3°- Le mécanicien Dalloz et le chef de train Pouillard du train 8 ont commis une faute plus grave, car la tête du convoi ne devait pas stationner sur le croisement des voies 1 et 2. Si Pouillard n'ordonnait pas au mécanicien Dalloz de dégager la voie 1, ce dernier aurait dû lui en signaler la nécessité.
4°- La plus lourde responsabilité incombe au che f de train Ponsot du train 7, qui ne s'est pas assuré que la voie 1 était libre à l'arrière, avant de faire refouler le convoi. Si la machine du train 8 avait été suivie d'une voiture de voyageurs au lieu du wagon 98, il y aurait eu un grave accident de personnes.
Mais comme cet agent est assez dévoué, il y a lieu d'être un peu indulgentà son égard, pour cette première faute grave.

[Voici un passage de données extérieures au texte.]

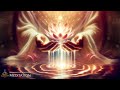 963 Hz Divine Frequency | Unlock Prosperity, Health and Miracles | Blessings for Life • REIKI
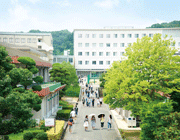 大阪大谷大学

Enfin, il y a lieu de reconnaitre que l'aménagement de la gare très importante de Clairvaux, donne lieu à des manoeuvres compliquées et dangereuses, lors du croisement des trains 7 et 8. L'établissement d'une voie d'évitement devant la station, simplifierait beaucoup ces manoeuvres et atténuerait les risques d'acidents.
Le Sous-Ingénieur
Vu et transmis par l'Ingénieur Ordinaire Soussigné, Lons-le-Saunier le 15 septembre 1908
AVIS DE L'INGENIEUR EN CHEF : L'Ingénieur en chef approuve les conclusions du rapport précédent qu'il notifie à la Compagnie Générale des C.F.V. Des ordres sont donnés pour étudier l'établissement d'une nouvelle voie de garage dans la gare de Clairvaux.